- **TO DO**: Set down exactly, from the records below, the line with "1240 Gordon Street, Los Angeles, CA 90038" through the line with "Building Photo - 1680 Calkins Ave", and nothing else.

- **DATA SHOWN**:
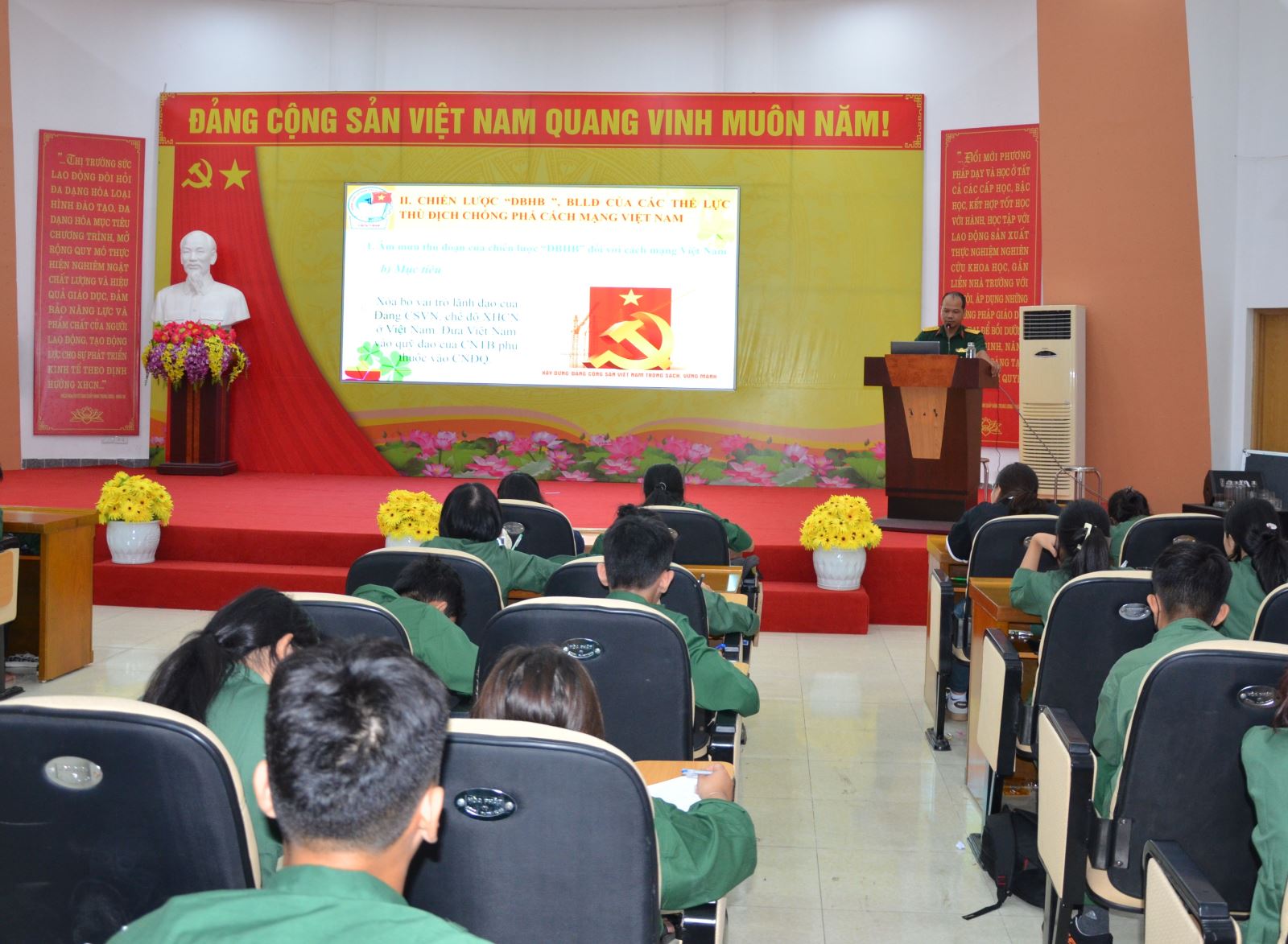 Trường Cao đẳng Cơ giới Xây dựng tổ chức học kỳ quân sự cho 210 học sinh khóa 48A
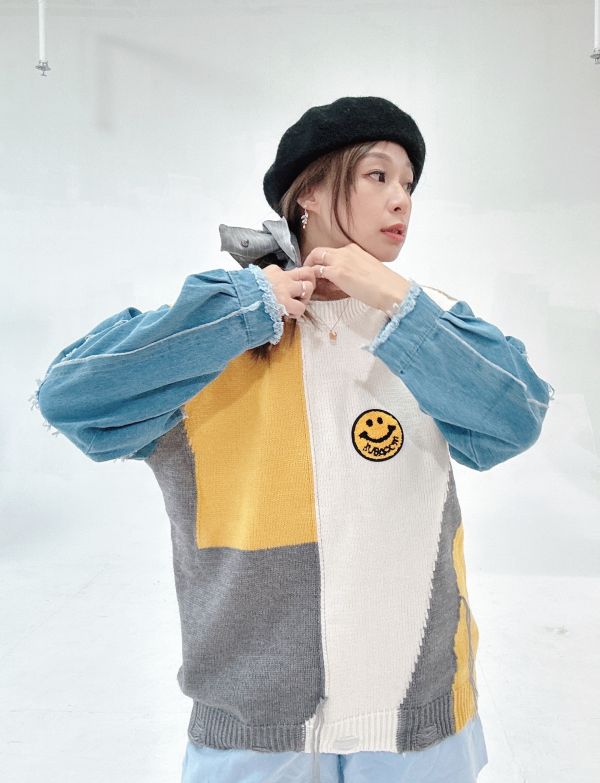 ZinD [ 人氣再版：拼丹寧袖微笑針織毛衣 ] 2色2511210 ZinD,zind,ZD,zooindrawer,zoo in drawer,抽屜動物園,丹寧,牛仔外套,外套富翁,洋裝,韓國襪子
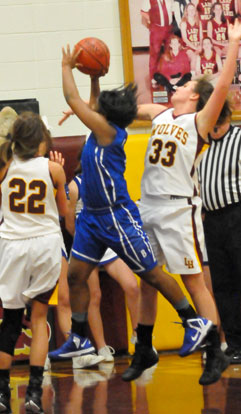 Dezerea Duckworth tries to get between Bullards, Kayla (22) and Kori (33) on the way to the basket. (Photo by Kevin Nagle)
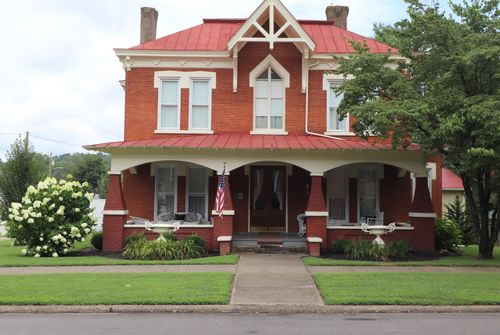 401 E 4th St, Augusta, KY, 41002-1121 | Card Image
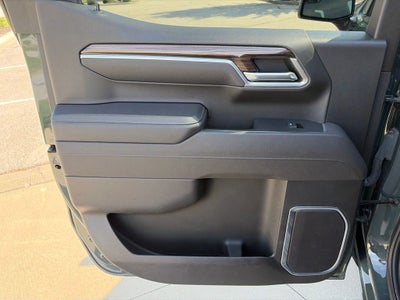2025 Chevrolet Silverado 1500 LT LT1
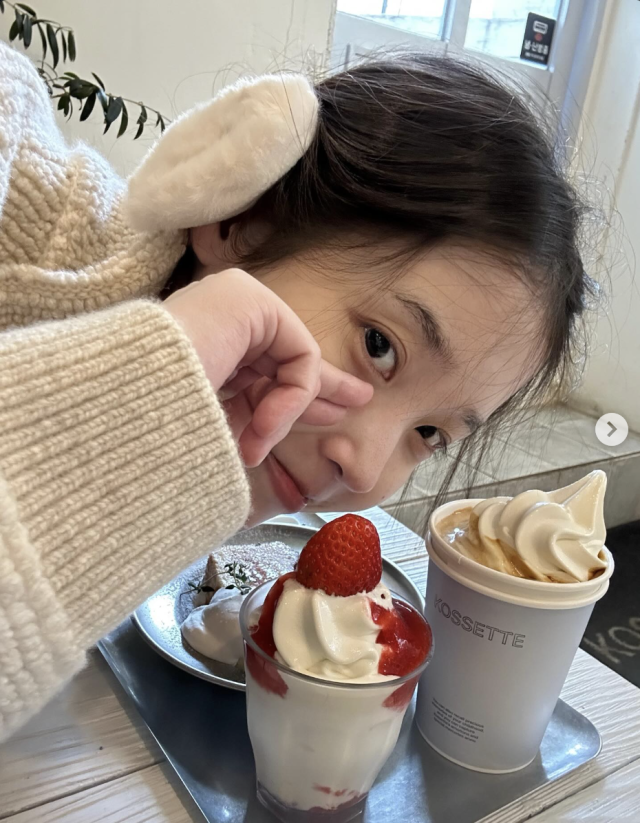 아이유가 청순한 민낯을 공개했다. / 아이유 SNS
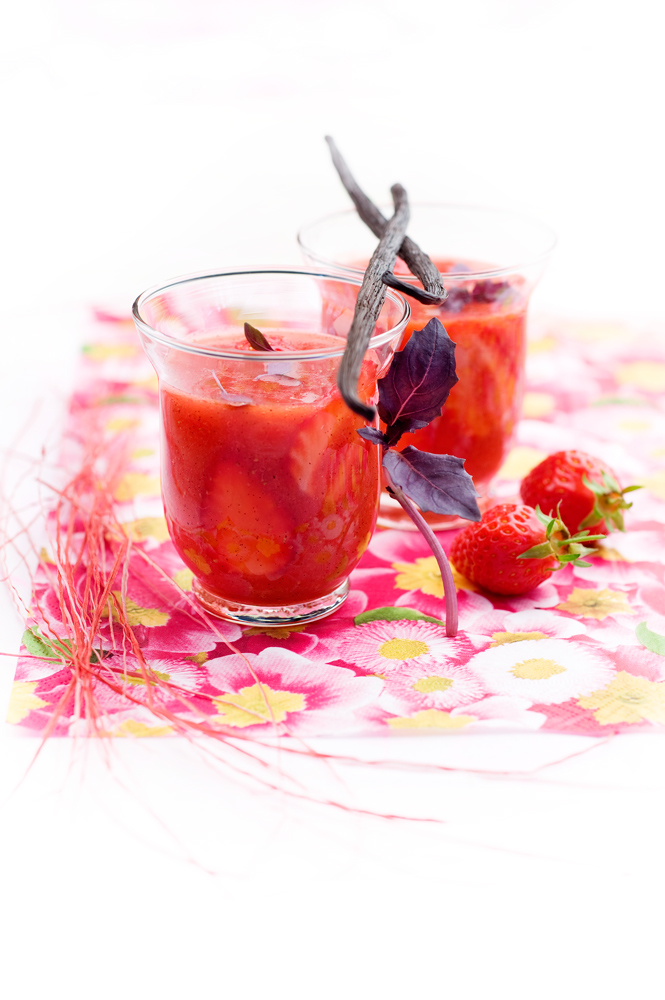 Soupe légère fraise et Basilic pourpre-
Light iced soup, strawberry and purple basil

--

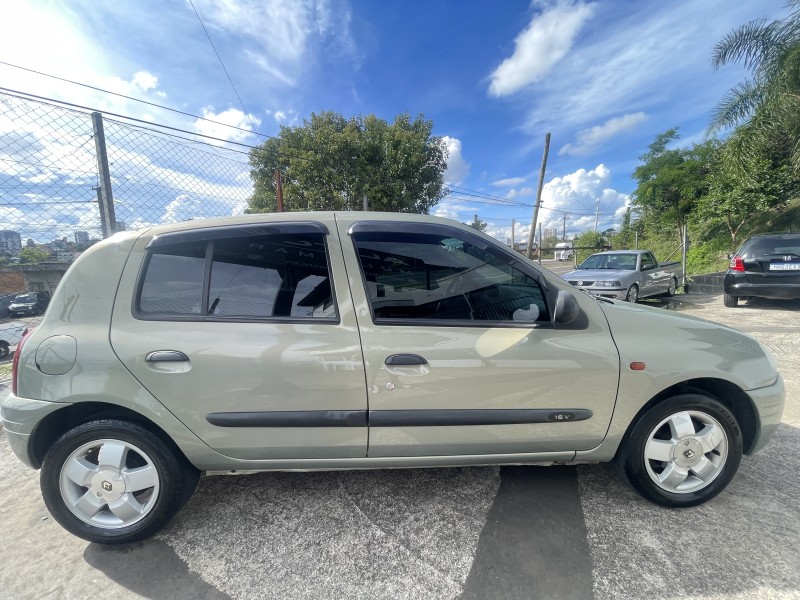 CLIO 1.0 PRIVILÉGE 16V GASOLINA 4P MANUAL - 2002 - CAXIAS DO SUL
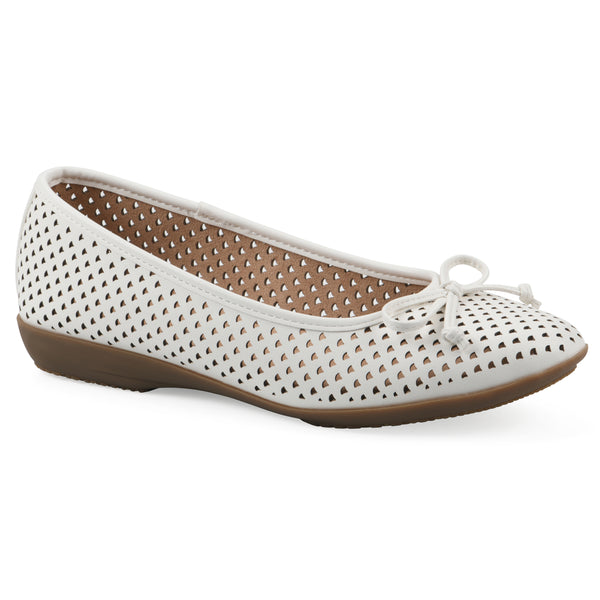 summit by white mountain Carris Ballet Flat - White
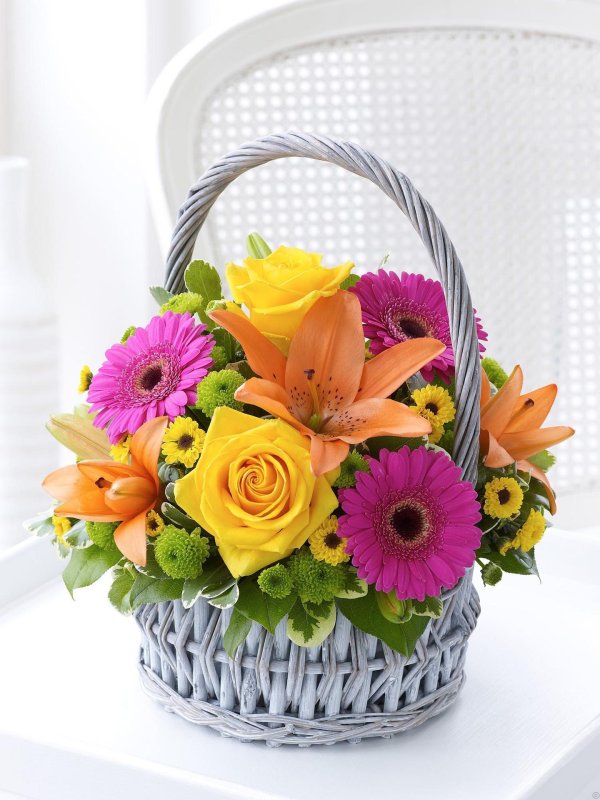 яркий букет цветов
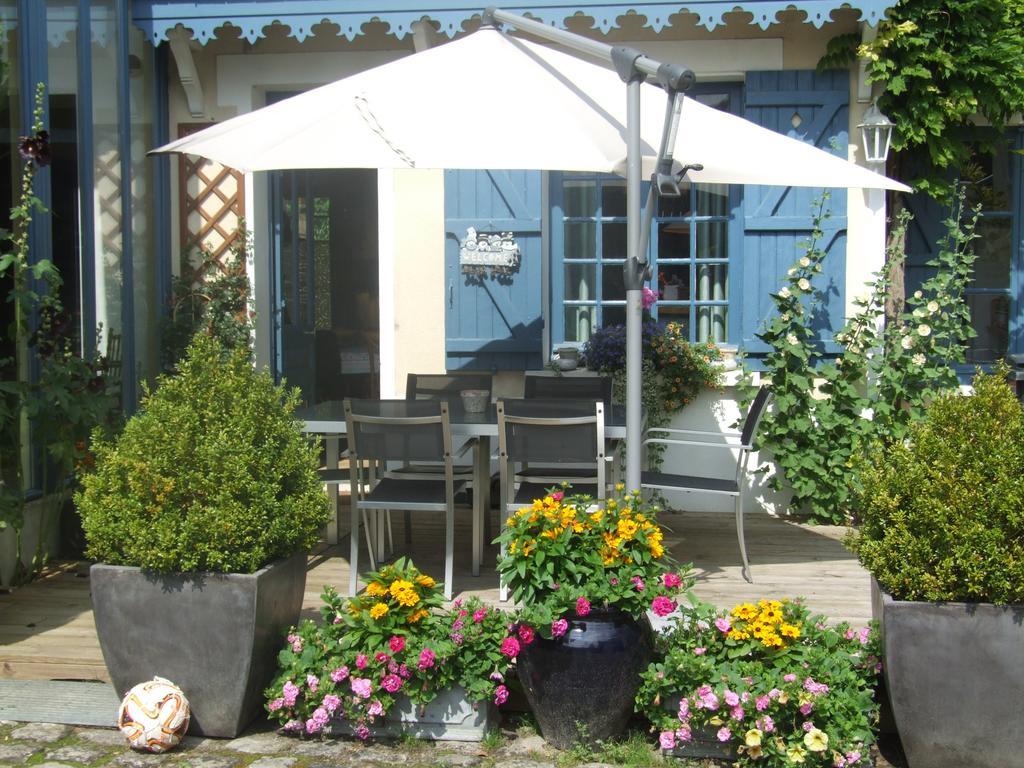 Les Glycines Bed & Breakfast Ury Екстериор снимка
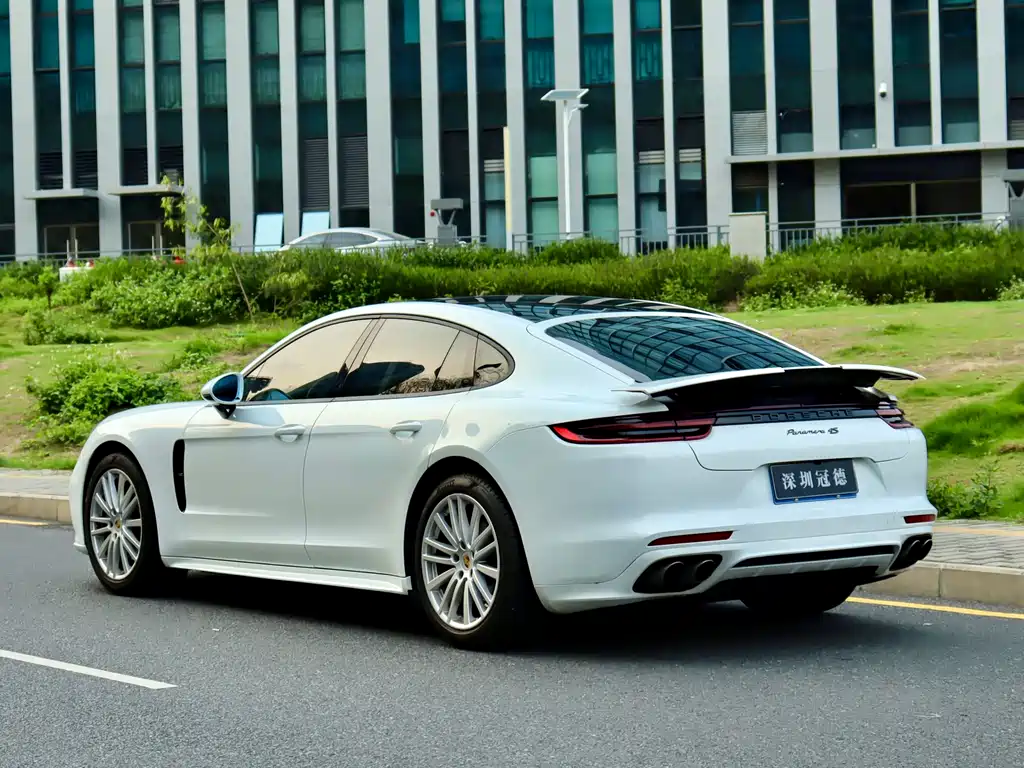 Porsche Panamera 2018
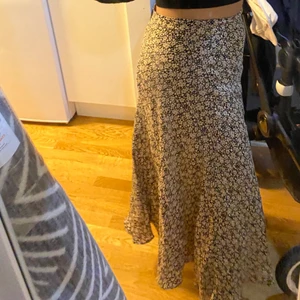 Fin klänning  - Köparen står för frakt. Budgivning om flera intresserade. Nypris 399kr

---

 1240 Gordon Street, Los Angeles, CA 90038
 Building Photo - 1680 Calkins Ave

- **YOUR RESPONSE**:
 1240 Gordon Street, Los Angeles, CA 90038
 Building Photo - 1680 Calkins Ave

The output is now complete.